According to Gevaers et al. [30], the nature of the last mile is determined mainly by six fundamental aspects: (1) the level of consumer service; (2) security and delivery type; (3) the geographical area; (4) the degree of market penetration and density; (5) the vehicle fleet and technology employed; and (6) the environmental impact. We discuss some of those aspects as part of the decision criteria selection.

2.2. Context of Last Mile in Brazil

Brazil is the largest country in Latin America and its population in 2018 was estimated at over 209 million people; more than 87% live in urban areas [33]. It is a complex country in terms of logistics, considering its continental dimension and poor infrastructure.
Supplying the urban population is a global concern. Ranieri et al. [34] emphasize that about 54% of the population now lives in cities and around 66% is expected in 2050. Urban areas require a massive quantity of goods, services, and resources, causing many troubles for citizens.
Ranieri et al. [34] reinforce that in last-mile delivery the most widespread transport mode adopted is road freight transport, which is responsible for externalities related to delivery. In Brazil, road transport is the dominant mode adopted for deliveries. Brazil has 109 thousand kilometers of trafficable roadways, but they are still not adequate in terms of infrastructure; only 12.4% of them are paved and around 59% are considered regular/poor (Table 1) [35].
When assessing the impact of road transport, we need to consider infrastructure and greenhouse gas (GHG) emissions. According to Marcilio et al. [36], 75% of GHG emissions in the transport sector are attributable to road transport.

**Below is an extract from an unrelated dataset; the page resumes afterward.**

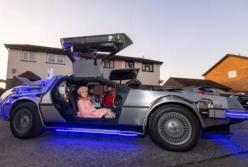 Фанат потратил $100 тысяч, чтобы превратить свое авто в машину времени из "Назад в будущее" (видео)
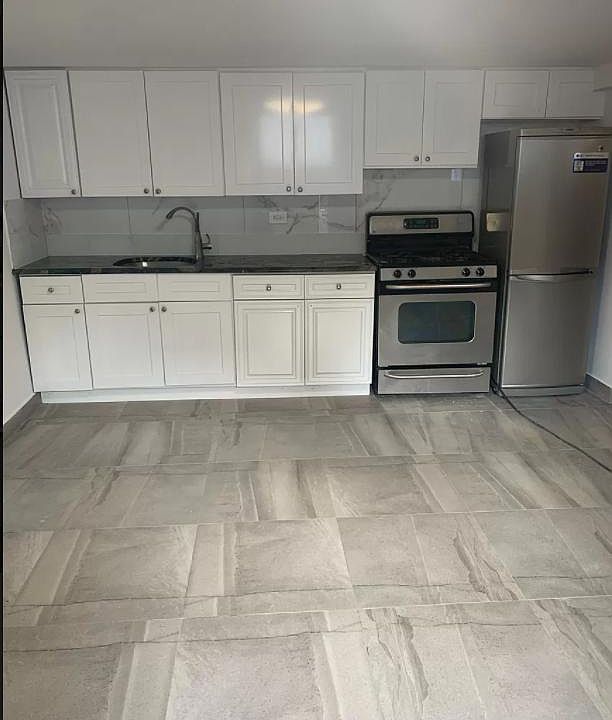 2nd image of 117 Sterling Ave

Despite the infrastructure issues, the logistics providers’ competition in Brazil is fierce. There are at least 220 thousand transport companies officially registered and more than 724 thousand independent carriers [35]. Following those numbers, the vehicle fleet has also increased [35]. In 2019, Brazil counted 103 million registered vehicles. The biggest growth in the past decade is observed in motorcycles, with a 64% increase between 2009 and 2019; trucks have grown 30.9% in the same period [35].
All those Brazilian characteristics have their unfolding for the main stakeholders: infrastructure, quality, and competitiveness. According to the Brazilian Ministry of Infrastructure [37], in 2020 the Federal Government invested BRL 133 billion in infrastructure, corresponding to 1.8% of gross domestic product (GDP); however, some specialists say that it is not enough and it should be double this amount [38].

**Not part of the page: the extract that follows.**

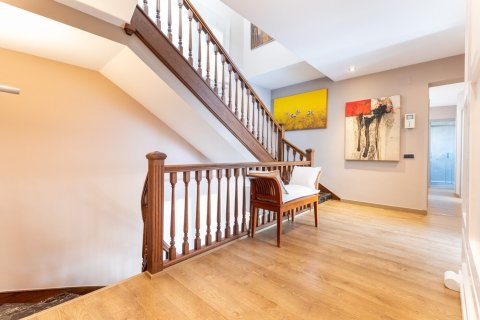 Сasa de 6 dormitorios en venta en Sant Cugat del Vallès, Barcelona, Cataluña, Spain № 1435 - foto 13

The e-commerce growth brought opportunities to innovate in the last-mile delivery sector in Brazil. Reuters [39] forecast USD 3.6 billion investment in transportation management systems (TMS) by 2024, representing an increase of 14.8%. In this context, the rise of logistics startups and logistics technologies (LogiTech) seems to be a way to overcome high costs and infrastructure issues, using technology as the main differentiator. Today, there is an average of 280 logistics startups in Brazil; 50% of them were founded between 2015 and 2020 and attracted more than USD 186 million in investment only in 2020 [40]. The top five (5) LogiTech companies in Brazil are iFood, Loggi, Mandaê, Clique Retire, and FreteBras. Additionally, big retailer companies are acquiring small LogiTechs and thinking of merging their business and staying more competitive [41]. Of all the Latin American countries, venture capital investments in 2019 (USD 4.6 billion), 26% were in logistics and distribution companies [40].

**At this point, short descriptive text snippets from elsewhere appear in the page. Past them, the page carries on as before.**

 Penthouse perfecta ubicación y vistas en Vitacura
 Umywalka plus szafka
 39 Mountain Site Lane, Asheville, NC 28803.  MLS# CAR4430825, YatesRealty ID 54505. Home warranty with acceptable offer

Sousa et al. [42] explore some solutions for Brazil’s last-mile delivery in urban centers without focusing on the e-commerce industry. The authors’ objective was to understand from retail companies what types of innovative last-mile delivery practices they are willing to use. This research adds a counterpoint by comparing last-mile delivery providers’ results on this research with retail companies’ results on theirs.
Table 2 adapted from Souza et al. [42] presents that the most innovative practices are pick-up point/locker solutions and the least innovative are tied between drones and car drops. In their research, they judge all innovative practices except car drops to be viable in Brazil, but only consider the companies’ answers not external factors or other barriers.
Souza et al. [42] conclude that developed countries tend to have more sophisticated solutions for the last-mile delivery, such as using innovative vehicles to reduce labor costs and environmental impacts and improve efficiency. On the flip side, the developing countries are betting on solutions with a lower level of technology, easier to adopt, and with a lower investment as they still have to face other recurring challenges.

3. Methodology

To investigate the impact of service expectations and alternatives for Brazilian e-commerce last-mile delivery, we adopt a multiple-criteria method, namely, the Fuzzy Analytic Hierarchy Process (Fuzzy AHP) [43,44,45]. The flow of the research is presented in Figure 2.
AHP is commonly adopted for decision making and was developed by Tomas L. Saaty to find the best alternative when considering multiple criteria [43,46]. The approach consists of establishing pairwise comparisons among different criteria and alternatives under these criteria in a decision hierarchy to establish the best decision. The mathematical representation of the pairwise comparison matrix can be seen in Equation (1) [43].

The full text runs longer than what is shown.